You can simply use an iterator to keep track of the position in B
>>> A = (0, 1, 2)
>>> B = (0, 3, 1, 4, 2)
>>> b_iter = iter(B)
>>> all(a in b_iter for a in A)
True
Simple way of doing this
>>> a = (0, 1, 2)
>>> b = (0, 3, 1, 4, 2)
>>> filter(set(a).__contains__, b) == a
True
For greater efficiency use itertools
>>> from itertools import ifilter, imap
>>> from operator import eq
>>> all(imap(eq, ifilter(set(a).__contains__, b), a))
True
This should get you started
>>> A = (0, 1, 2)
>>> B = (0, 3, 1, 4, 2)
>>> b_idxs = {v:k for k,v in enumerate(B)}
>>> idxs = [b_idxs[i] for i in A]
>>> idxs == sorted(idxs)
True
If the list comprehension throws a KeyError, then obviously the answer is also False
Here's a linear time approach (in the longest set) that doesn't require any hashing. It takes advantage of the fact that, since both sets are ordered, earlier items in the set don't need to be re-checked:
>>> def subset_test(a, b):
... b = iter(b)
... try:
... for i in a:
... j = b.next()
... while j != i:
... j = b.next()
... except StopIteration:
... return False
... return True
...
A few tests:
>>> subset_test((0, 1, 2), (0, 3, 1, 4, 2))
True
>>> subset_test((0, 2, 1), (0, 3, 1, 4, 2))
False
>>> subset_test((0, 1, 5), (0, 3, 1, 4, 2))
False
>>> subset_test((0, 1, 4), (0, 3, 1, 4, 2))
True
I'm pretty sure this is right -- let me know if you see any problems.
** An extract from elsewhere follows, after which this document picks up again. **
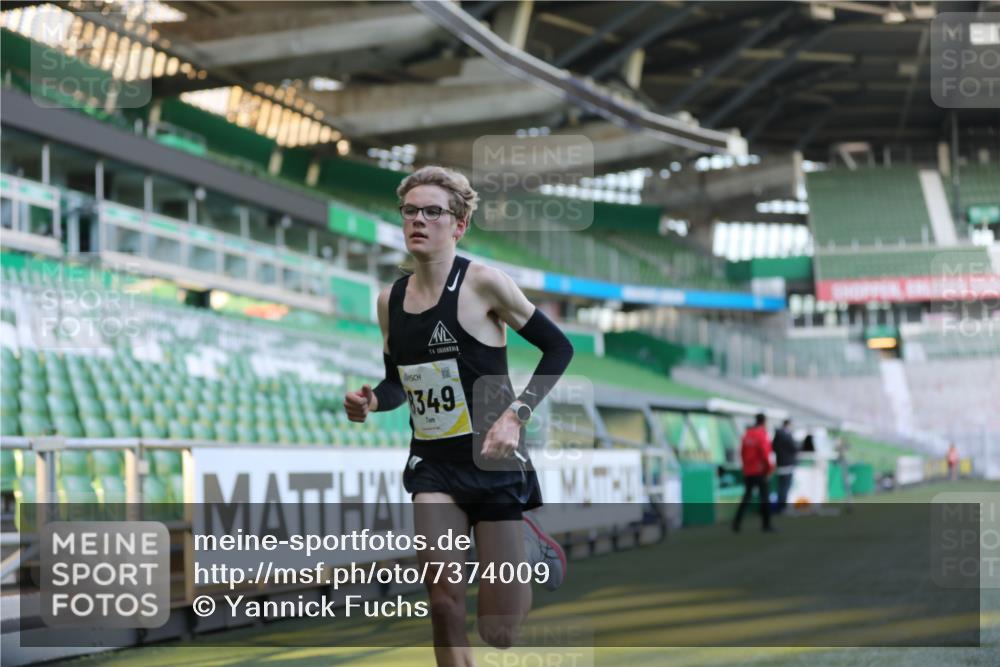 06.10.2024 - 19. swb-Marathon Bremen Yannick Fuchs http://msf.ph/oto/7374009 06.10.2024 10:15:24 Laufen im Stadion 8349, 8350, 8395, 8396 meine-sportfotos.de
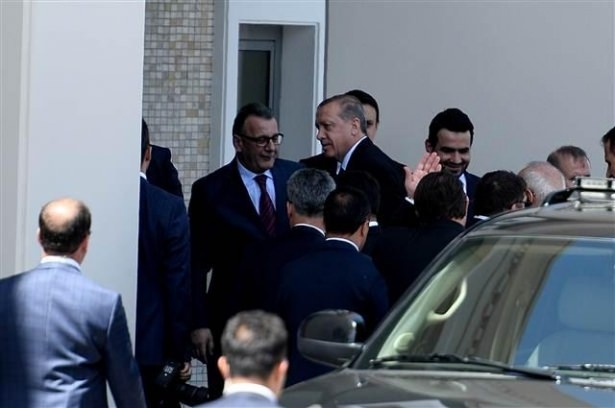 Sümeyye Erdoğan ve Selçuk Bayraktar'ın düğününden ilk kareler 16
This should be pretty quick, but I have a faster one in mind I hope to have down soon:
def is_sorted_subset(A, B):
try:
subset = [B.index(a) for a in A]
return subset == sorted(subset)
except ValueError:
return False
Update: here's the faster one I promised.
def is_sorted_subset(A, B):
max_idx = -1
try:
for val in A:
idx = B[max_idx + 1:].index(val)
if max(idx, max_idx) == max_idx:
return False
max_idx = idx
except ValueError:
return False
return True
What about this?
>>> a = (0, 1, 2)
>>> b = (0, 3, 1, 4, 2)
>>> set(a).issubset(set(b))
True
In this example a and b have ordered and unique elements and it checks if a is subset of b. Is this you want?
EDIT:
According to @Marcos da Silva Sampaio: "I want to test if A is a subset of the ordered set B."
It wouldn't be the case of:
>>> a = (2, 0, 1)
>>> b = (0, 3, 1, 4, 2)
>>> set(b).issuperset(a)
True
In this case the order of a doesn't matters.